* **Exercise**
The lines to return run from the one containing "Orginal PRADA Schuhe" through the end of the material; give them exactly and leave out the pictures.

* **Supplied data**
_ _ _ _ _ _ _
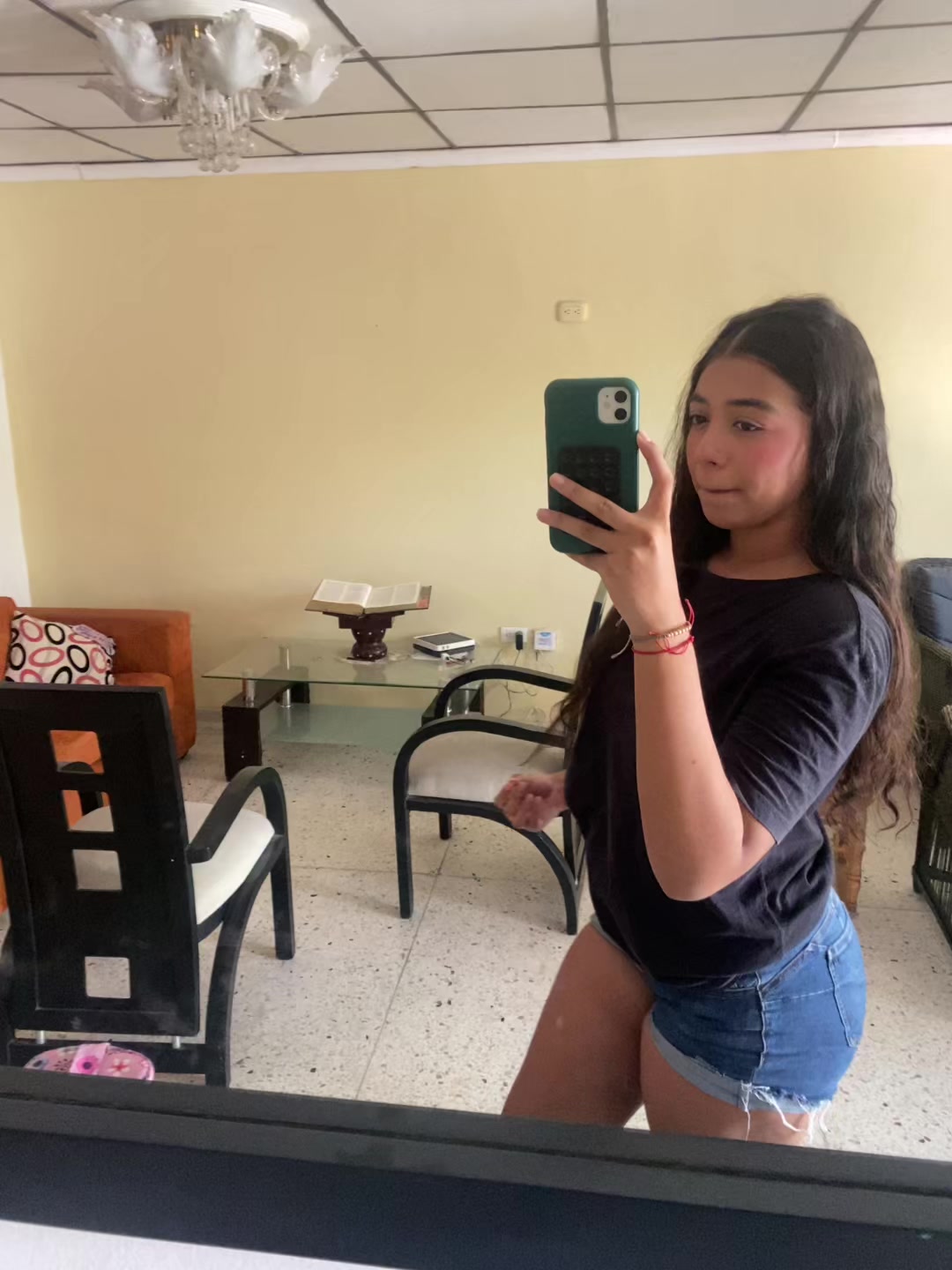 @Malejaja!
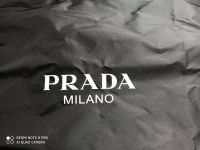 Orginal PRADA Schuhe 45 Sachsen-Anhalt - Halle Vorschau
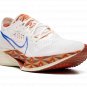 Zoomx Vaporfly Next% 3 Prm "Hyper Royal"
_ _ _ _ _ _ _
* **Answer for this exercise**
 Orginal PRADA Schuhe 45 Sachsen-Anhalt - Halle Vorschau
 Zoomx Vaporfly Next% 3 Prm "Hyper Royal"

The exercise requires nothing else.